En d’autres termes: avec les années, les gens sont en moyenne plus conscients de leurs responsabilités et ont moins tendance à procrastiner. «Une des raisons qui expliquent pourquoi la procrastination prospère pendant l’adolescence est liée au fait que dans cette phase une grande part de la maturation doit encore se produire au niveau neuromoteur. Quand nous vieillissons, nous allons endosser plus de rôles et prendre plus d’engagements: nous formons un couple, nous choisissons un travail, nous avons des enfants, nous remboursons une maison, etc. Tous ces rôles font que, contextuellement, les attentes structurées se multiplient. Et cela rend la procrastination moins possible.» 
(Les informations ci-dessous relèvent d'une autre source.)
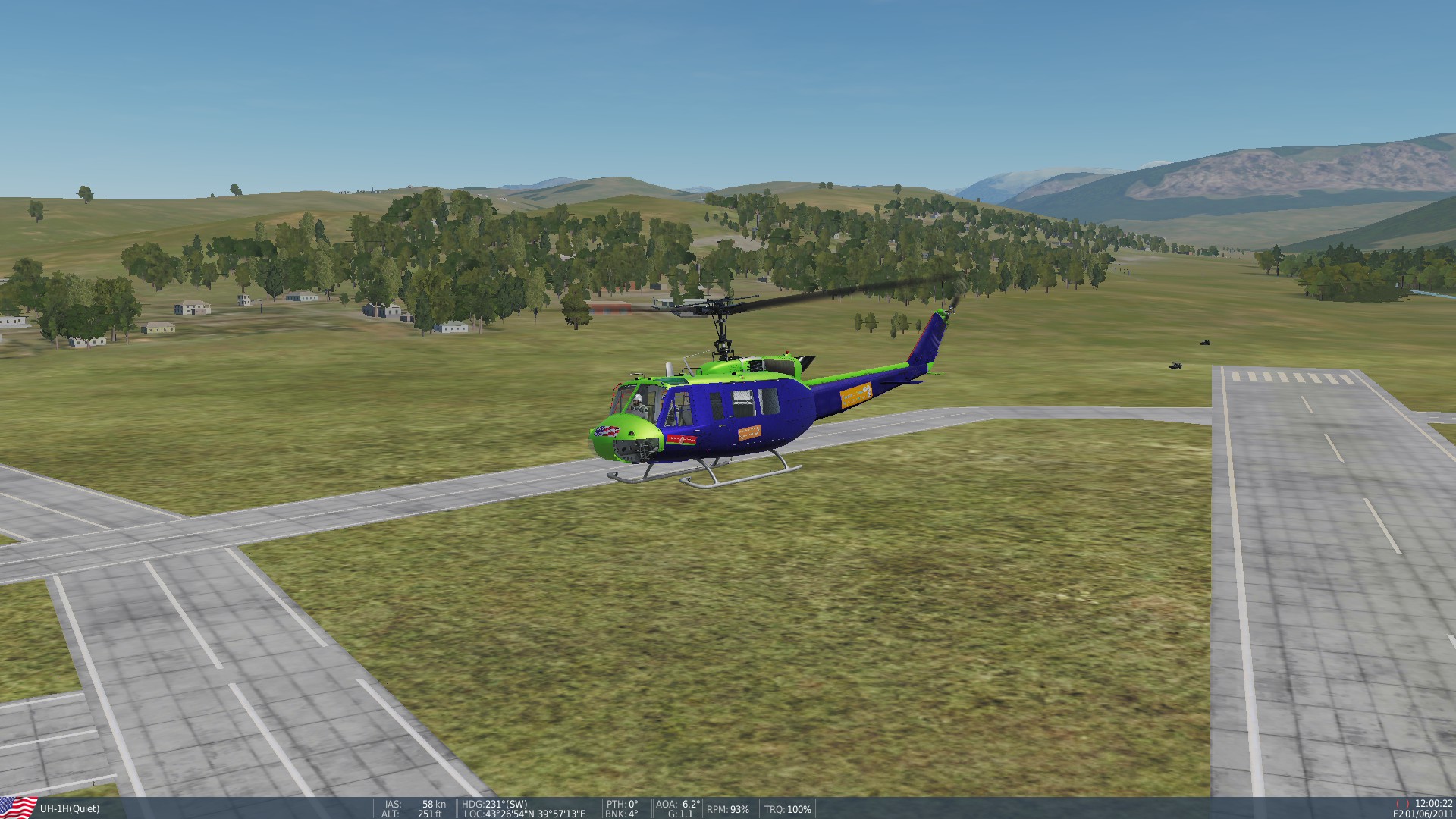 UH-1H Ahedratron/Wisdom Cube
« C’est difficile de changer parce que ce type de comportement est fortement ancré dans un schéma d’habitudes et a aussi une fonction. Pour s’en libérer, il faut beaucoup de motivation. »

Tout se résoudrait donc avec l’âge? Pas sûr! «C’est effectivement difficile de changer parce que ce type de comportement est fortement ancré dans un schéma d’habitudes et a aussi une fonction, analyse Barbara De Clercq. Pour casser ce schéma, il faut beaucoup de motivation. Surtout si ce comportement vous apporte à court terme une satisfaction, ce sera difficile de changer. Quand à 22 heures on s’installe confortablement dans son canapé, sous un plaid, pour regarder la télé ou écouter de la musique, on profite de ce moment et on s’apaise. A cet instant, ce sentiment est prioritaire par rapport à la fatigue annoncée le lendemain.» 

Se faire aider

Mais comment faire alors? Pour Barbara De Clercq, «il faudra apprendre à choisir consciemment le comportement qui conduit à terme au meilleur résultat. Mais alors il faut effectivement, de sa propre conviction, donner la priorité à ces objectifs. Des astuces comme mettre un réveil à l’heure d’aller se coucher ne fonctionneront pas si on n’est pas soi-même convaincu de l’utilité de la chose.»

Une fois décidé, il peut aussi être conseillé d’être encadré par un professionnel. Ainsi, si la procrastination gêne votre fonctionnement, le moment est peut-être venu de demander une aide au niveau psychologique. Il est aussi possible, s’il on ose en parler, de bénéficier du soutien positif de ses proches… Quoi qu’il en soit, «la motivation intérieure reste la clé du succès», insiste la spécialiste.

Il est également important de se débarrasser de l’aspect irrationnel de nos mauvaises habitudes. «C’est typique de la procrastination par exemple: quand on commence effectivement cette tâche postposée, on se rend compte que ce n’est pas si compliqué, explique le professeur Rudi D’Hooge. Souvent, on se fait une représentation erronée de la tâche, ce qui fait que le seuil pour l’entamer est irrationnellement haut. Il est alors difficile pour la partie supérieure du cerveau de surpasser l’inférieure.» Le fait de sauter le pas du changement peut dès lors débloquer la situation parfois plus facilement qu’on ne le croit. On essaye?